Conclusions: The relatively new field of HR research in psychosis is exciting. It has the potential to shed light on the development of major psychotic disorders and to alter their course. It also provides a rationale for service provision to those in need of help who could not previously access it and the possibility of changing trajectories for those with vulnerability to psychotic illnesses.

Conflict of interest statement

Conflict of Interest Disclosures: None reported.

Figures

Figure 1

Prodromal psychosis items published in each year across the electronic databases. The literature search is updated to December 2011.

Figure 2

Clinical management (diagnosis and treatment) flowchart of the clinical high-risk state (HR) for psychosis.
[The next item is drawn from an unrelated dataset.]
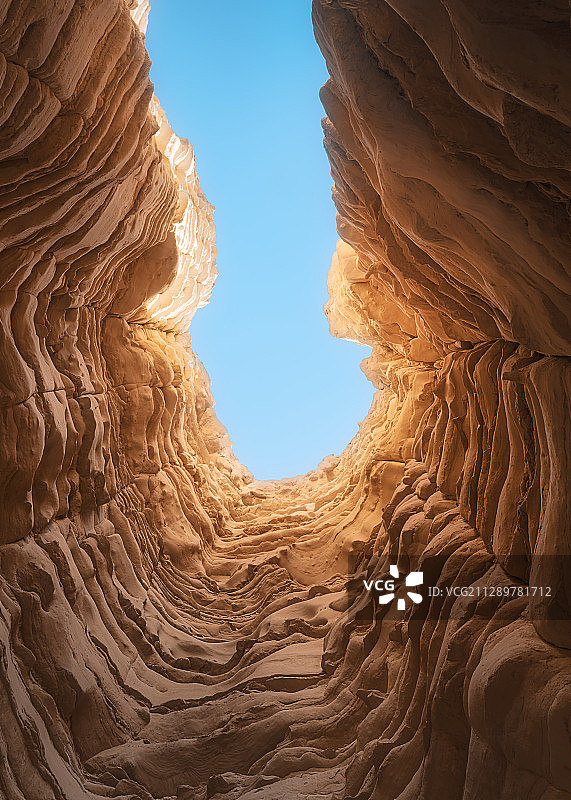 新疆维吾尔自治区哈密市大海道核心区神仙洞风光图片素材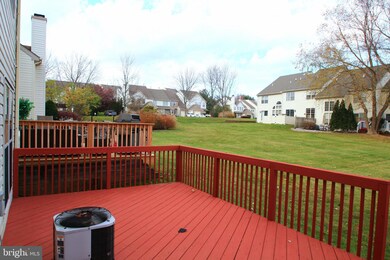 109 Glennbrook Ct, Chalfont, PA 18914 - photo 2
APS indicates attenuated psychotic symptoms subgroup; BLIP, brief limited intermittent psychotic episode subgroup; BS, basic symptoms subgroup; FEP, first-episode psychosis; GRD, genetic risk and deterioration syndrome subgroup; and UPS, unspecified prodromal symptoms subgroup.

Figure 3

Model of psychosis onset from the clinical high-risk state. The higher the line on the y-axis, the higher the symptom severity.

Figure 4

Meta-analysis of transition risks in studies reporting Kaplan-Meier estimates of psychosis transition over time in the high-risk state (n = 984 individuals) (for details of the study, see Fusar-Poli et al). These risks are based on treated cohorts with no standardized treatment, so transition risk estimates are not for natural course or untreated cases.

Figure 5

Neurocognitive profiles of individual tasks in high-risk individuals (n = 1188) compared with controls (n = 1029). Mean Hedges g scores are shown across cognitive tasks (negative values indicate worse performance in high-risk individuals compared with the control group). Error bars represent 95% CI. C indicates number of controls; CPT, Continuous Performance Test (d prime); CVLT, California Verbal Learning Test; HR, number of high-risk individuals; LNS, Letter Number Sequencing; RAVLT, Rey Auditory Verbal Learning Test; TMT-A, Trail Making Test Part A; TMT-B, Trail Making Test Part B; VF, Verbal Fluency; VRI, Visual Reproduction Index (WMS visual reproduction and Rey complex figures); WCST, Wisconsin Card Sorting Test (perseverative errors); and WMS, Wechsler Memory Scale (verbal recall). Working memory is shown in green, verbal memory in blue, visual memory in violet, attention in orange, processing speed in yellow, verbal fluency in gray, and executive functions in red.

Figure 6

Structural brain alterations observed in the largest multisite neuroimaging studies of high-risk (HR) individuals (n = 182) and matched controls (n = 167). Baseline differences are shown between HR individuals who did (HR-T, n = 48) and did not (HR-NT, n = 134) develop psychosis during the following 2 years. The HR-T individuals had less gray matter volume than did the HR-NT individuals in the left parahippocampal gyrus, bordering the uncus. The plot shows mean gray matter volumes for the 2 HR subgroups at each site (1 indicates London, United Kingdom; 2, Basel, Switzerland; 3, Munich, Germany; and 4, Melbourne, Australia). Error bars represent SD.